(LISTED ENTRIES)

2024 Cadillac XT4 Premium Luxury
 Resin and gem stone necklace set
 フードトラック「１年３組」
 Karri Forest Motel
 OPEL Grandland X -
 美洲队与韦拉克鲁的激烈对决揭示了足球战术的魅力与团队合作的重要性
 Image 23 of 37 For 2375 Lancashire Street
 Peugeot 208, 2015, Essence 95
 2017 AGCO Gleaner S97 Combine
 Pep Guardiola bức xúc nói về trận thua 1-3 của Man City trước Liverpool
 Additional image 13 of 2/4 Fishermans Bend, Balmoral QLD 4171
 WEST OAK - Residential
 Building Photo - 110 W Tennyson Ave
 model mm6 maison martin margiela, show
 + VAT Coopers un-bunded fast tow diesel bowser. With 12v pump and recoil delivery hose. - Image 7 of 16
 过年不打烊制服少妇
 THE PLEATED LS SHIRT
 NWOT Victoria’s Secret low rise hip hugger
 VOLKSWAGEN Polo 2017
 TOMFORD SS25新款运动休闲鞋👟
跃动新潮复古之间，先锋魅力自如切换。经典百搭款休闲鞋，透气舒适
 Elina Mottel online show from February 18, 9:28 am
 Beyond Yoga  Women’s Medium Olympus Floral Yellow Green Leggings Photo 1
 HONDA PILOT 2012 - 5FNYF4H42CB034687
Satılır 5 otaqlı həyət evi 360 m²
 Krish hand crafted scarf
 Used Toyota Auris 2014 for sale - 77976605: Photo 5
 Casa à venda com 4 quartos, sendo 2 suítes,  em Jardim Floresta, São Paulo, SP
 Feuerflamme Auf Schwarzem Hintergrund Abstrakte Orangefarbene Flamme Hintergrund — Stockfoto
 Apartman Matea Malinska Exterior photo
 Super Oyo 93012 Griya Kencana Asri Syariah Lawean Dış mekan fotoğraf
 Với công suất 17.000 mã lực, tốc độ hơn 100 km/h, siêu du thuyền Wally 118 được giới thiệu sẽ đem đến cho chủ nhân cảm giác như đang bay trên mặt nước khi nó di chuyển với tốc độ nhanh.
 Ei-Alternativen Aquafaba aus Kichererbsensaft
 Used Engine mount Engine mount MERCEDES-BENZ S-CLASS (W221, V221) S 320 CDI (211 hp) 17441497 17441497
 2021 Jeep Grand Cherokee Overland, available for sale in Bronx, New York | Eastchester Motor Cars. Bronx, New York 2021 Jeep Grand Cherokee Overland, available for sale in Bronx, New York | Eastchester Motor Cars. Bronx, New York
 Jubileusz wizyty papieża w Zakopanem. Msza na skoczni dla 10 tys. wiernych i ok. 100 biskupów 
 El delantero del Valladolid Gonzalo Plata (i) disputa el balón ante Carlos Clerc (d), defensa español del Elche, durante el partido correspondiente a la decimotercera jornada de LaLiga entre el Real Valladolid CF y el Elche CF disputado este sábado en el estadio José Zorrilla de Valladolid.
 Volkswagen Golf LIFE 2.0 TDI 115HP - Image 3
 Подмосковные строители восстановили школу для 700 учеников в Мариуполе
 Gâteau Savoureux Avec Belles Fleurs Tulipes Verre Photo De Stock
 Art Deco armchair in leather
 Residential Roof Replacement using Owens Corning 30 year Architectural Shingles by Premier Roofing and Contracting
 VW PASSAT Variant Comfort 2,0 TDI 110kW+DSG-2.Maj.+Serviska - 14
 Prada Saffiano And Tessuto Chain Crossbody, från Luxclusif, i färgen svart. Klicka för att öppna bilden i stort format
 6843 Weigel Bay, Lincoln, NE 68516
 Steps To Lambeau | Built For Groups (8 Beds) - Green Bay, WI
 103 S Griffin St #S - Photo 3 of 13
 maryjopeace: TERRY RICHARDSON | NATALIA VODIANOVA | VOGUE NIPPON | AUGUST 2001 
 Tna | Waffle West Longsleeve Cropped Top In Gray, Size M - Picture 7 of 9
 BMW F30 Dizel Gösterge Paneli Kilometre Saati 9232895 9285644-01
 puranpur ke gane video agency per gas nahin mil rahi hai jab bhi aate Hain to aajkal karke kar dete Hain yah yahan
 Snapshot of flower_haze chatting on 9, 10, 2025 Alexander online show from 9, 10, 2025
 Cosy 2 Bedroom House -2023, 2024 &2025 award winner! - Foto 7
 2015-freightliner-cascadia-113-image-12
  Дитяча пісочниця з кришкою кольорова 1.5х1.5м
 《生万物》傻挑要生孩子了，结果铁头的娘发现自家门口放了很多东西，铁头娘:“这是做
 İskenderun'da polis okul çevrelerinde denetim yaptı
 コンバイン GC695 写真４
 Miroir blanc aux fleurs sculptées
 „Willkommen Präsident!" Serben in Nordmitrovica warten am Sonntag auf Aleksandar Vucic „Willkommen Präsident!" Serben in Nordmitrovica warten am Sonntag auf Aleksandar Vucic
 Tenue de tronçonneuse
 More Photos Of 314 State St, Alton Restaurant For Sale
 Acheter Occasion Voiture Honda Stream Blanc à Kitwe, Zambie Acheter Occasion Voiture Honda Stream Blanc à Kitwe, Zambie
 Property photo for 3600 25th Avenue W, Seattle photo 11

(End LISTED ENTRIES)

-- TRY IT --
Copy each line of the preceding data that contains the string "Used".

-- OUTPUT OF THE EXERCISE --
 Used Toyota Auris 2014 for sale - 77976605: Photo 5
 Used Engine mount Engine mount MERCEDES-BENZ S-CLASS (W221, V221) S 320 CDI (211 hp) 17441497 17441497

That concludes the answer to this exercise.